Also the chart states that bulk lime can be bought for $15 a ton. Od course all area's vary in price but if you have it delivered I believe the average would be around $25 a ton or more.
Your product looks like a good one, but I would lose the advertisement for how long it takes to recoup your money.

Dont take this wrong, I am not trying to put down that product. I just want others who may be "wow'ed" by the charts to compare apples to apples
and then make a resonable decision.

Lookin for gills Where in those charts does it talk about how long the lime should be in the ground before you plant so that your plants would get optimum benifit from it?
Ever try and take straw (mulch) off of 8 acres of clover or corn? Does it say the best way to do that?


----------



## johnhunter (Jun 17, 2000)

Jim, is it possible to rent the Groundbuster for a day? Seems like a great product for a PF or WTU chapter, or a county soil conservation district. For an individual who's looking to lime a couple small plots once every 5 years, it doesn't seem quite as practical.


----------



## johnhunter (Jun 17, 2000)

TTTop


----------



## chevyjam2001 (Feb 14, 2002)

That groundbuster looks like a great idea. However to ask $2,000 for something that has maybee $200.00 worth of materials into it is ridiculous. They would sell alot more of them if they were reasonably priced in the $400.00 - $500.00 range.


----------



## halfczech (Nov 27, 2004)

my property is located in gladwin county. if conditions are not right i will seed and plant in may. form what i gather so far it is alright to seed and fert on the day. now on to the next question. i had a soil sample taken on the 2 plots 1 came back with a ph of 6.8 the other 7.0 so that looks good for clovers but the other numbers i dont know . if i take my soil sample report to an grain elevator will they be able to recommend the right fert?


----------



## brokenarrow (Oct 6, 2003)

chevyjam2001
I think you better price steel again? You will be amazed at what little steel you can get for $200 now a day. (2"x3" structual tubing 1/4" wall thickness) 20 foot of this is $200.


----------



## DEERSLAYER (Mar 29, 2000)

halfczech said:


> if i take my soil sample report to an grain elevator will they be able to recommend the right fert?


halfczech,

The answer to your question is YES, they should be able to recomend the right fertilizer.


----------



## johnhunter (Jun 17, 2000)

I could imagine the product being a decent value at $2,000, providing that it is well-made, and wouldn't croak if some rock-like lime chunks happen to run through it.
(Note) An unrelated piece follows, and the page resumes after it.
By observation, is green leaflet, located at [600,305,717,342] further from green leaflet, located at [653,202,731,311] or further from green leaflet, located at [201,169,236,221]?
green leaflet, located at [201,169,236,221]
Still, I can't imagine it would be practical for a single user; if you're already working with good ground, and have a few small food plots, you may only add lime every several years or so, only correcting for pH "creep" caused by repeated fertilizer applications. No sense in storing something that you'll only be using one day out of every two thousand. 

I'd be happy to pay a fair price to rent one, though.


----------